Many have become accustomed to using online Chinese stores for dirt-cheap products, frequently being delivered displaying false valuations on the packet in order to avoid paying tax. It may come as a surprise to discover that China imports nearly all of its supplies of eliquid. Zhou Bin, head of Customs Offices in the Guangdong Province, said: “In recent years, sales of electronic cigarettes have grown by more than 300 percent annually, but supervision of the industry is still weak. Most of the oil sold in China is imported.”
The comment came as he announced a seizure of 600 tons of smuggled liquid to create ecig juice. The haul was worth more than a staggering £34 million, and recovered from four separate groups. Twenty people were detained pending a court appearance.
Albeit a smaller scale, thefts continue to blight the owners of brick and mortar vape stores, regardless of location. Three stores were broken into in the consecutive days in Louisville. It’s something that has begun to plague the UK vape industry too, and owner Troy LeBlanc sums up the feeling: “What's most frustrating is the lack of peace of mind. Now that it has happened you don't know - is it going to happen tomorrow? Is it going to happen the next day?”
Fortunately, the kind of people that seem to feel compelled to rob vape shops aren’t the sharpest knives in the cutlery set. Invariably, they are quickly arrested and then can face time inside. We recently reported that British prisons are experiencing problems with the take-up and supply of specially designed electronic cigarettes. Some American jails are also facing issues due to regional policies on smoking in public areas.

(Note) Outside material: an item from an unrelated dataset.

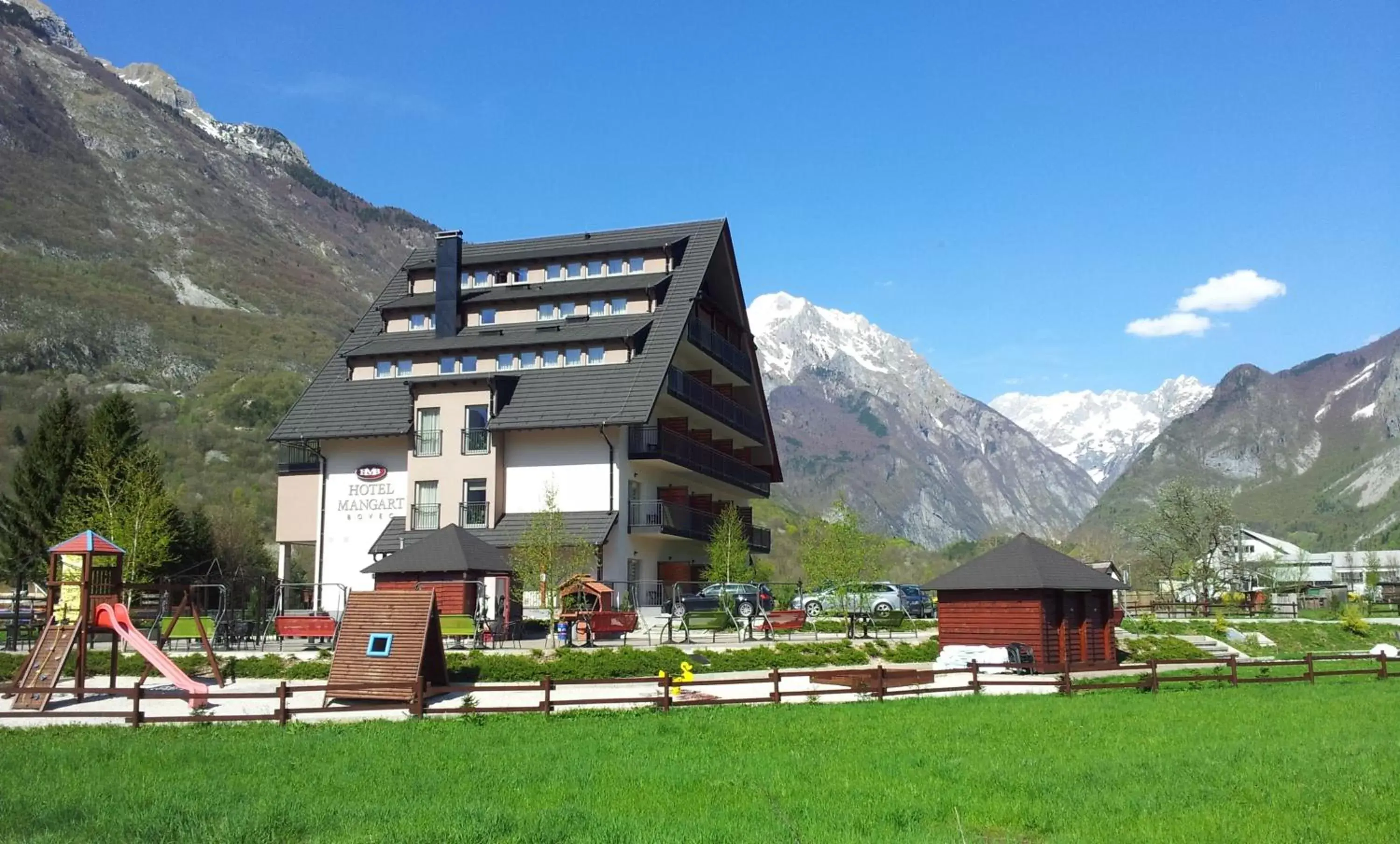 Facade/entrance, Property Building in Hotel Mangart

Lately, a number of states rolled out bans on smoking and vaping in public areas – and jails have fallen under that definition. Henderson County Jailer Amy Brady expressed her support for vaping (that she believes works for inmates) and her concern over the possibility the products may be banned.

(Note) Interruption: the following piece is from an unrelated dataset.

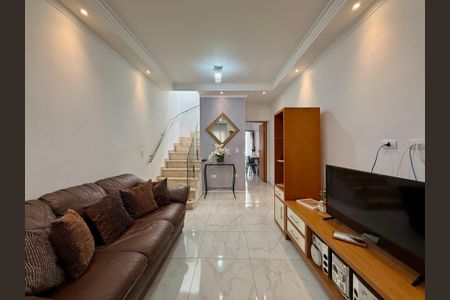 Sala de casa para alugar com 3 quartos, 294m² em Jardim Cidalia, São Paulo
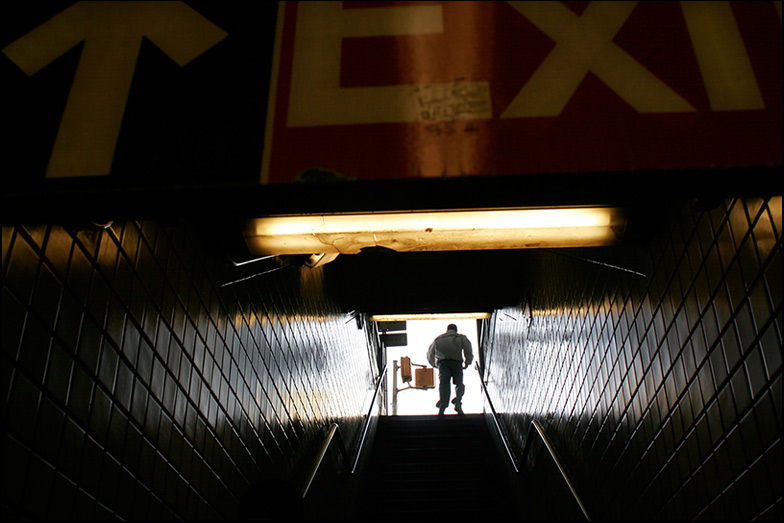 M & R Line ~ 4th Avenue station, Bklyn ~ 9am. - Click for next Image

Criminals often think they can get away with the crime. Really stupid ones get caught and then repeat offend – which goes for Barry Russell Gottlieb, who owns Traders Corner on Mesnes Street, Wigan.
Terry Gregson of Wigan Trading Standards warned traders, in early 2016, that they were being targeted: “We strongly advise shopkeepers to make sure they ask for proof of age from anyone who looks under 25. Businesses should regularly use a refusals register when individuals attempt to buy e-cigarettes in order to record the event.”
Gottlieb didn’t think that applied to him. Trading Standards officials engaged the services of willing 16-yr old volunteer who made a successful purchase in Traders Corner. Gottlieb didn’t attend court and was given a total fine of £800.
Now Gottlieb has been prosecuted and found guilty a second time, for an identical breach. This time around Wigan magistrates have fined him £2,134.